That is how bounded passes compose into an unbounded task. The full mechanism — and the one
lever that moves it — is in [docs/stagnation.md](docs/stagnation.md). The proposed pass-start
digest was built, A/B-tested, and reverted (null); what works is a now-built-in read-boundary elision
that stubs a spec once its package verifies, so a fresh pass cannot re-spend its budget re-reading
already-satisfied specs — fed by the verifier the loop already runs, so it adds no test execution.
At `apikit`@11k it is the first change other than raising the budget to complete the task —
**4/7 runs vs 0/24 across every recorded no-elision run** (Fisher p≈0.015 against the A/B's pooled
0/10 baseline; p≈0.035 against the interleaved 0/7 arm alone — fragile at this n) — and it
**replicates on a second task, `graphkit`@11k, 6/6 vs 0/6** (p≈0.001 — clean separation in that A/B,
though the cumulative no-elision ledger at that budget is 1/20, not zero: the floor is near-
deterministic, not absolute). It raises completion *probability* rather than guaranteeing it
(3/7 `apikit` runs still stagnate, and the rate is session-variable — a later clean batch ran 7/8 on this
config, 15/16 pooling its other arm, which also carried the null `go doc`-interface lever;
`graphkit` did not stagnate, at n=6). A third, deliberately *flat* task (`datakit` — five
independent packages, no composer) **bounds** the lever: the byte-reduction still generalises
(−21% reads), but `datakit` has no hard floor to clear — baseline completion is noisy and
*non-monotonic* in budget (3/6 at 8k, 5/6 at 6k) — so no significant completion effect was measured
(the 8k arm even trends *pro*-elision, 6/6 vs 3/6, p≈0.09, underpowered at n=6) and elision rides
along harmlessly. Its *completion* benefit needs the hard floor that a costly composing increment
creates, which independent-package kits lack. The proposed `go doc`-interface lever was likewise
built, measured null at the relocated 9k floor (1/8 vs 1/8, Part 9), and reverted; the soft-limit
checkpoint (Lever 3) was never built — see the closing ledger
([docs/stagnation.md](docs/stagnation.md) Part 11) for the explicit waiver.

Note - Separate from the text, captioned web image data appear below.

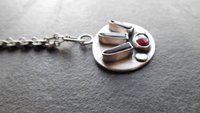 Amethyst Quartz Crystal Point Garnet Sterling Silver 14K Gold Mixed Metal Multi Stone Pendant Necklace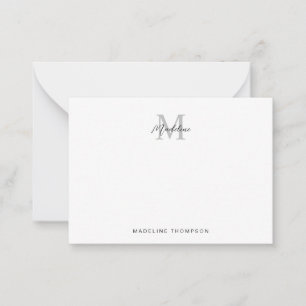 Minimalistische Script-Kalligrafie Schwarz-Grau-Mo Mitteilungskarte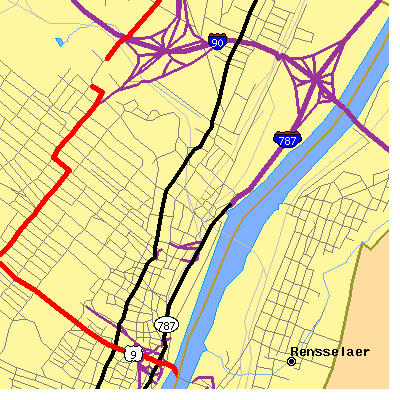 Zip code 12207 close-up map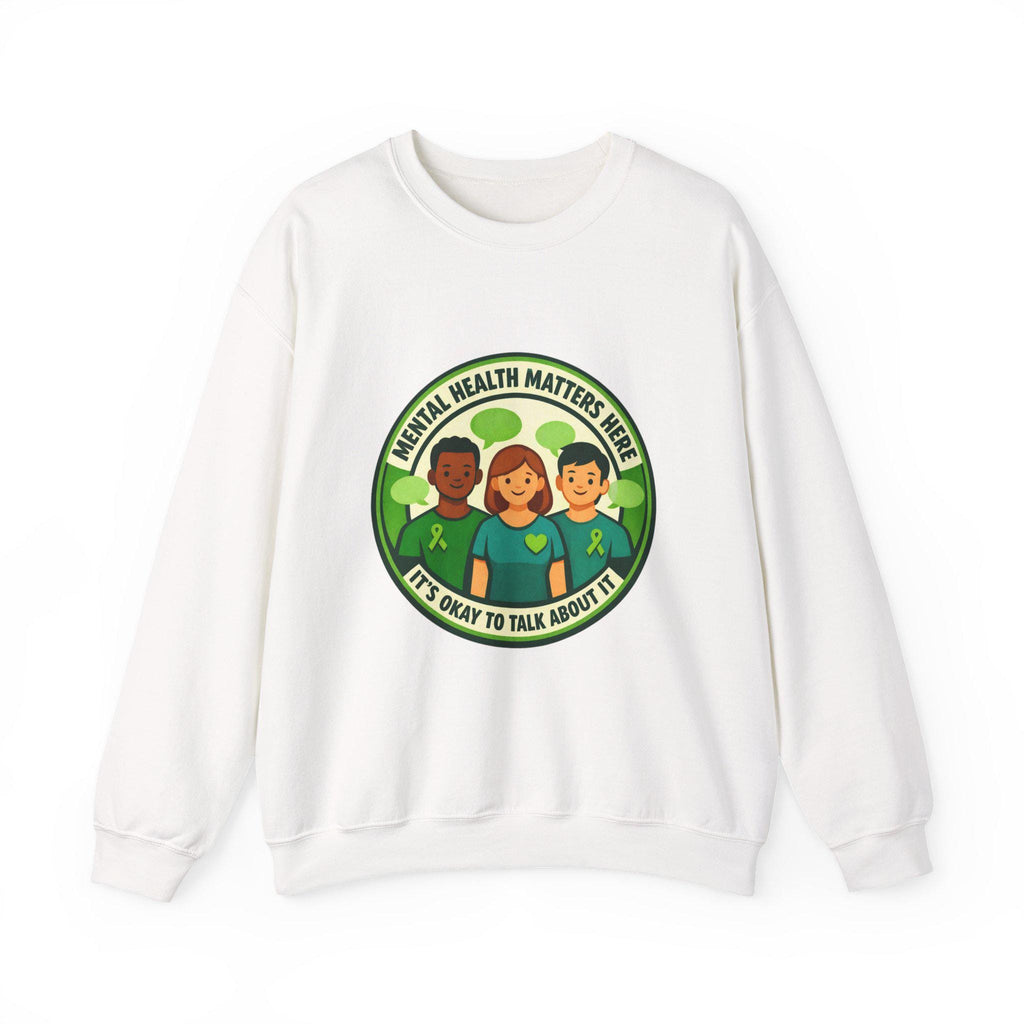 Mental Health Matters ribbon faces Crewneck Sweatshirt | Awareness, Compassion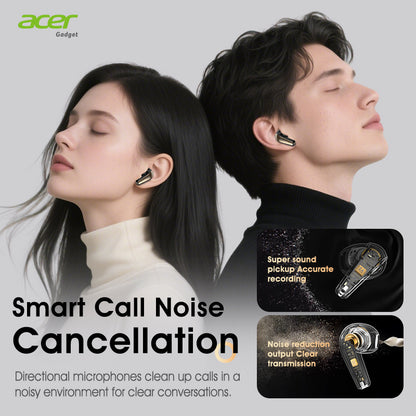 Acer True Wireless Stereo Ohrhörer | Geräuschunterdrückung bei Anrufen, Hi-Fi-Sound, leichtes Touchscreen-Design, extra lange Standby-Zeit, Sport- und Lauf-Ohrhörer,  stilvolles Aussehen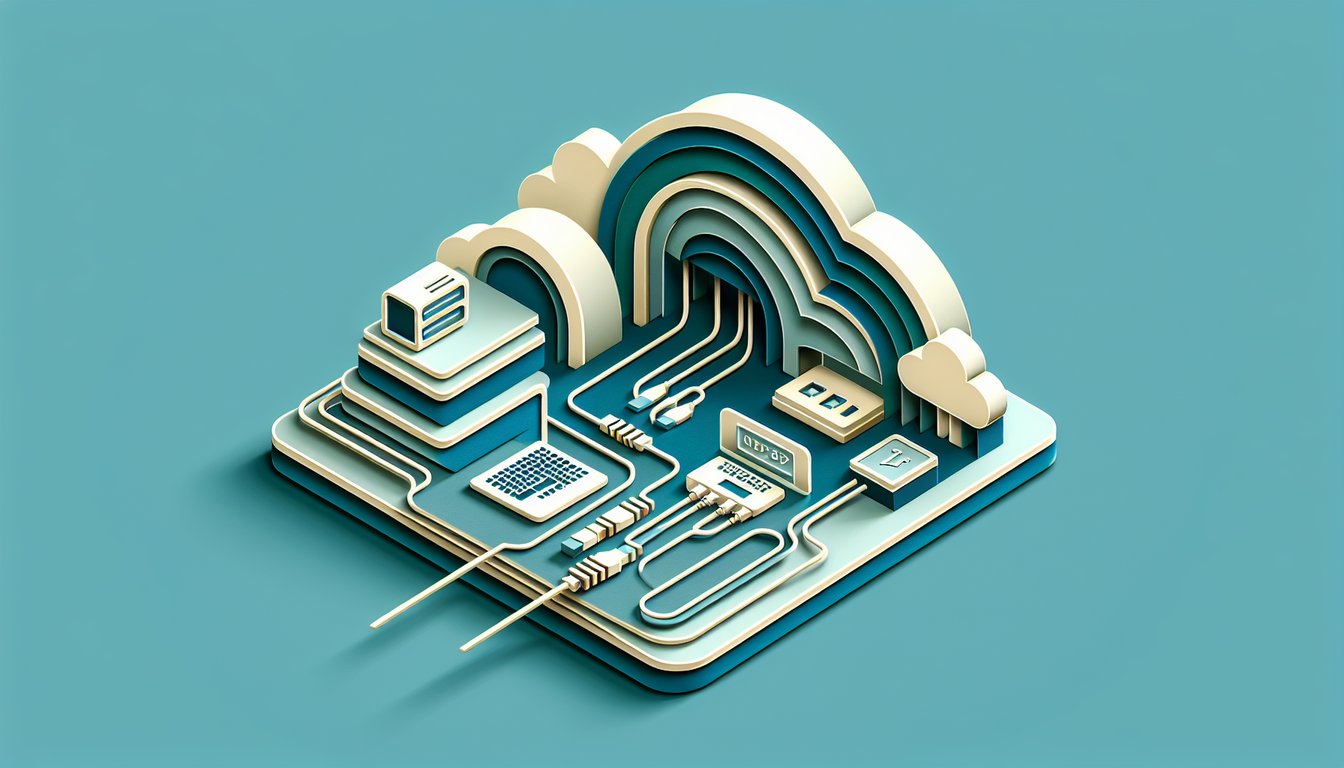 Paper art style illustration of network connectors and circuit motifs on teal background for MAC and Ethernet quiz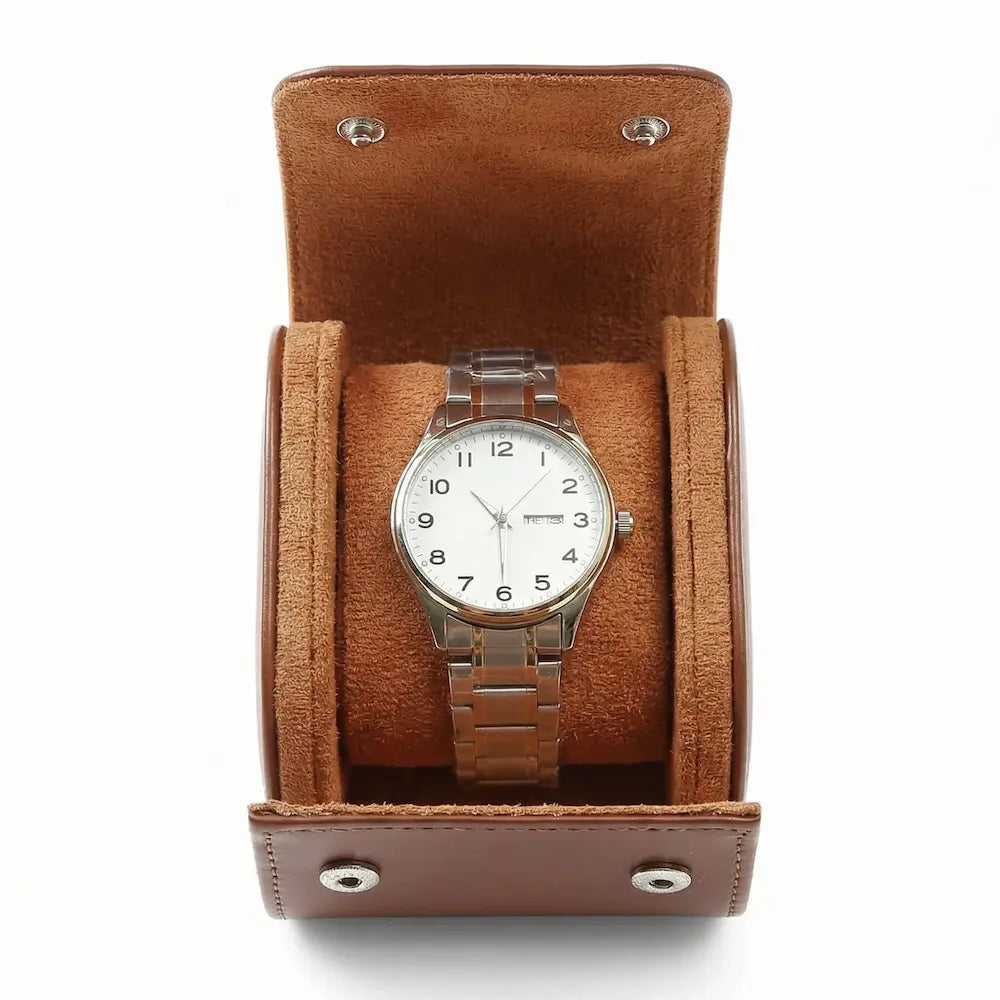 étui pour montre en cuir vegan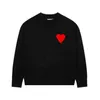 Paris Fashion Mens Designer Amies Sticked tröja broderad röd hjärta fast färg Big Love Round Neck Sweaters For Men and Women 5566ESS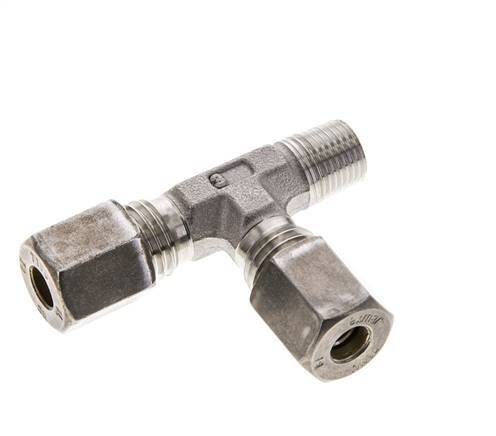 6L & M10x1 (con) Stainless Steel Right Angle Tee Compression Fitting with Male Threads 315 bar ISO 8434-1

A **second model** bounds the lever on the other axis. `gemma-4-26B-A4B-it` (sampled hot, no thinking
trace) floors *lower* than Qwen — it completes `graphkit`@11k where Qwen, without elision, completes
1/20 — because its **~1.6–2.4:1 load:act ratio** (vs Qwen's ~12:1) shifts the flip-point down. Yet
elision shows **no completion effect** on the floors Gemma does have — `graphkit`@9k 0/4 vs 0/4 and
`apikit`@11k 1/4 vs 0/4 (small-n nulls: at n=4/arm only a near-deterministic effect is detectable) —
because those floors
are *budget-bound* (too tight to bank an increment) or *correctness-bound* (Gemma writes `api` but gets
the routing wrong), not the spec re-reading elision removes. So the lever's completion benefit needs
**both** a composer floor (task) **and** a re-read-bound model (Qwen's re-sweep habit) — read-byte
reduction generalises across models, completion does not. See [docs/stagnation.md](docs/stagnation.md)
Part 10.

## Code quality is a separate axis

Passing the gate means the code is *correct*, not that it is *good*; the harness
only gates on the first. The **judge** skill (`.claude/skills/judge/SKILL.md`)
measures the second, out of band: an Opus-as-judge rubric scores the produced
code on eight Go dimensions (contract fidelity, simplicity, idiomaticity,
readability, robustness, security, concurrency safety, performance), **blind to
the spec's tests** and head-to-head against a real Sonnet-medium solution to the
same contract. Each
record also carries a deterministic `modernize`-finding count as a noise-free
idiomaticity signal. It appends to `logs/judgments.jsonl`, is never a gate, and
is never seen by the agent — keeping it outside the loop is what keeps it honest.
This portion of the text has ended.